Another argument, in Europe, only Finland has made the wearing of helmets mandatory (but no fine for infringement) and countries such as the Netherlands or Germany, where cycling is extremely widespread have not any obligation to wear a helmet …
Without questioning the effectiveness of the helmet, the associations want to raise awareness and educate all road users, while leaving the free choice of helmet use.

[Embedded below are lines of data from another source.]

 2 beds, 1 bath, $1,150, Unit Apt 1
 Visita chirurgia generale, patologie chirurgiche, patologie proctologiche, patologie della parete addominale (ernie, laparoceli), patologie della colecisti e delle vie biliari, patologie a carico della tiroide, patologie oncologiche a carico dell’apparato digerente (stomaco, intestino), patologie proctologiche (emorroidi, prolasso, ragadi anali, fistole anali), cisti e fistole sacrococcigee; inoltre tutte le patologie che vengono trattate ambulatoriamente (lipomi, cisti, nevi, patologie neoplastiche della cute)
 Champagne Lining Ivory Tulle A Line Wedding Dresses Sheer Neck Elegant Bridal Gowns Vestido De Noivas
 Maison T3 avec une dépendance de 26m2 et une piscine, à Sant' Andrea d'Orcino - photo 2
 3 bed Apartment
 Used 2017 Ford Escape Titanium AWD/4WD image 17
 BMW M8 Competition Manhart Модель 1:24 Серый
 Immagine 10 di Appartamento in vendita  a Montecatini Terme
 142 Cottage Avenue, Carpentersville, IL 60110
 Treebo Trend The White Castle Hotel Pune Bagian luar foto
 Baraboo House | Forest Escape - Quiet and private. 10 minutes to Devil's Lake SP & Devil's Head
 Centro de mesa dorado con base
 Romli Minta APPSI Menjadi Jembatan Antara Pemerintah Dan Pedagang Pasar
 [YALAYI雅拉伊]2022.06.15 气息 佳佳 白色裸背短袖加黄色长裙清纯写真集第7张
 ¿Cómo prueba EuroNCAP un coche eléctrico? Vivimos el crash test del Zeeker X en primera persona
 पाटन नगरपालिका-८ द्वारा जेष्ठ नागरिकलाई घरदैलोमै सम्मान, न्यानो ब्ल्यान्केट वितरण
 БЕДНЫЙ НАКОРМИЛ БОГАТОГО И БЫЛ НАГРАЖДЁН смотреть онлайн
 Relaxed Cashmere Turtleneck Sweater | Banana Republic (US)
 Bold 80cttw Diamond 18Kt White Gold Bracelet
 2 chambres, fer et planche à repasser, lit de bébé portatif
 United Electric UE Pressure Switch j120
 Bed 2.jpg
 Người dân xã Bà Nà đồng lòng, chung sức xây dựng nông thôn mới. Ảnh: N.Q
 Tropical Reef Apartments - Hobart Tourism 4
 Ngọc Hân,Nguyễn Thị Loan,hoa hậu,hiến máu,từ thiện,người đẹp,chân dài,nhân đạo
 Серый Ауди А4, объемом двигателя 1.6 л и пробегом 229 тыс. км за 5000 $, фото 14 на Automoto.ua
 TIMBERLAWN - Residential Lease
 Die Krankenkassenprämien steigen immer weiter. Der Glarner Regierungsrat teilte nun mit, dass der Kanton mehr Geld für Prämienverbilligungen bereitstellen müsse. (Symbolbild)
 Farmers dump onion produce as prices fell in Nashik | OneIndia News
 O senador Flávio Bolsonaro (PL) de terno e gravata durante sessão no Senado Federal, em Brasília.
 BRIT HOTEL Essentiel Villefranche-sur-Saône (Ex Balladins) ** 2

Wearing a helmet does not guarantee a 100% protection, because, beyond 30 km / h, its efficiency decreases sharply (in the city as in training, it is a speed easily reached by the cyclist or the vehicle which arrives in front). Not to mention that the helmets are often poorly positioned on the head or the wrong size …
In the absence of legislation and really convincing data on the need to make wearing helmets mandatory, everyone is free to decide for the moment according to their use, their environment, and their experience. Personally, I am adept at the saying “prevention is better than cure”, so it’s a helmet on my head every time I go rolling.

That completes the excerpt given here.